> **Task requirements**: Reproduce each line, exactly, from the one containing "Venta de terreno" through the end of the material. Exclude pictures.

Segment Start: Data extract

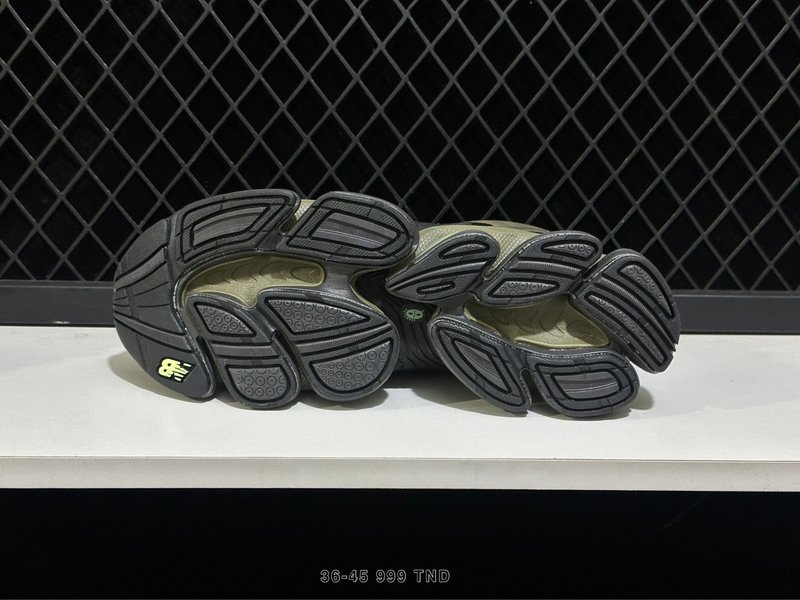 뉴발란스 복고 스타일 러닝화 001-279876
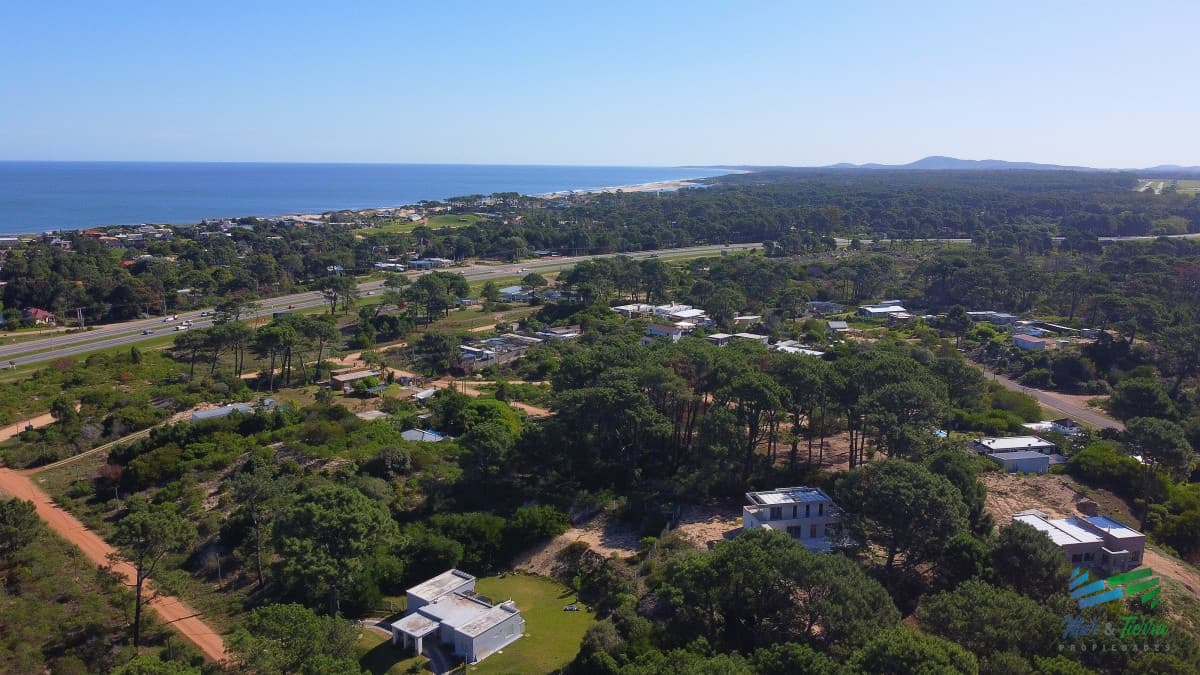 Venta de terreno esquinero en Club del Lago Punta Ballena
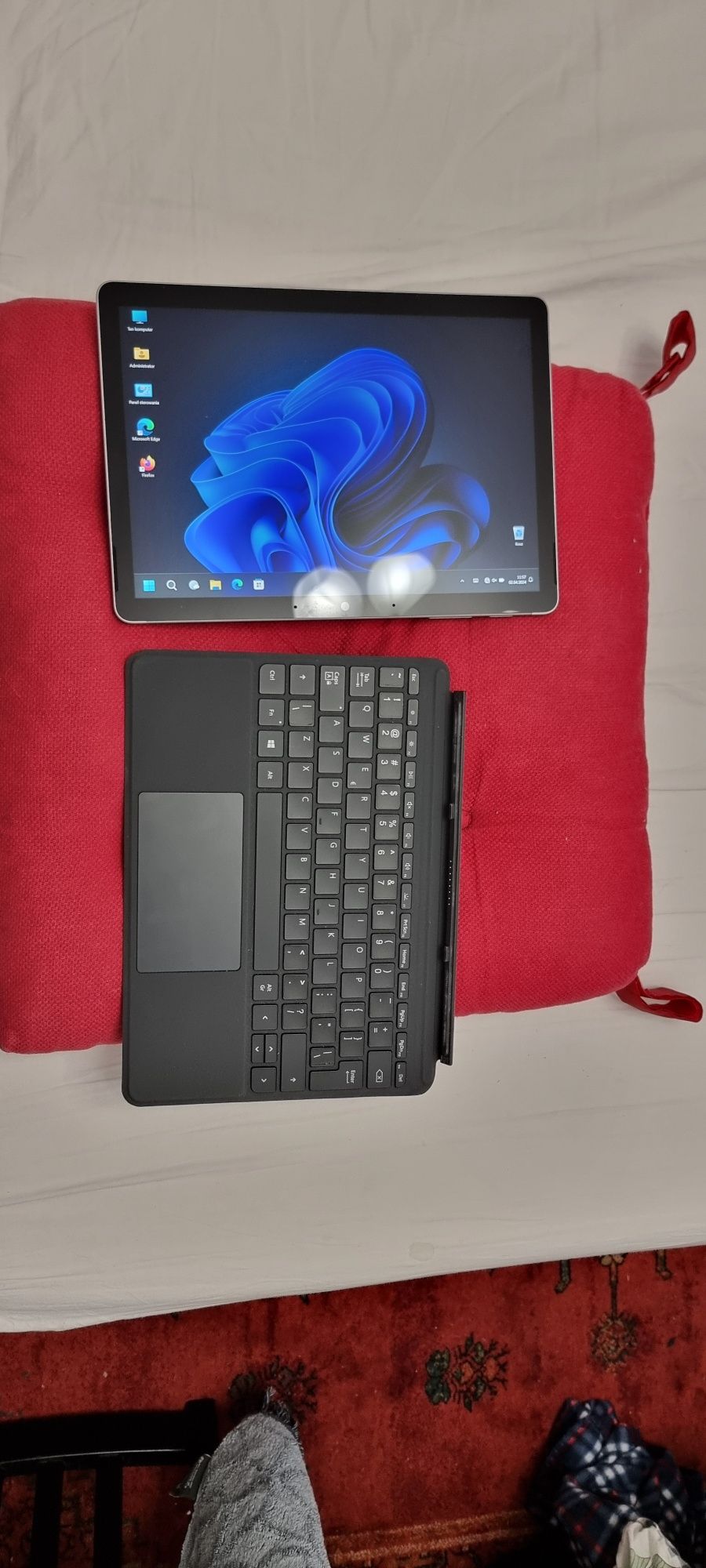 Na sprzedaż Laptop - Tablet DOTYKOWY 2w1 - Microsoft Surface GO 2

Segment End: Data extract

> **Task response**:
 Venta de terreno esquinero en Club del Lago Punta Ballena
 Na sprzedaż Laptop - Tablet DOTYKOWY 2w1 - Microsoft Surface GO 2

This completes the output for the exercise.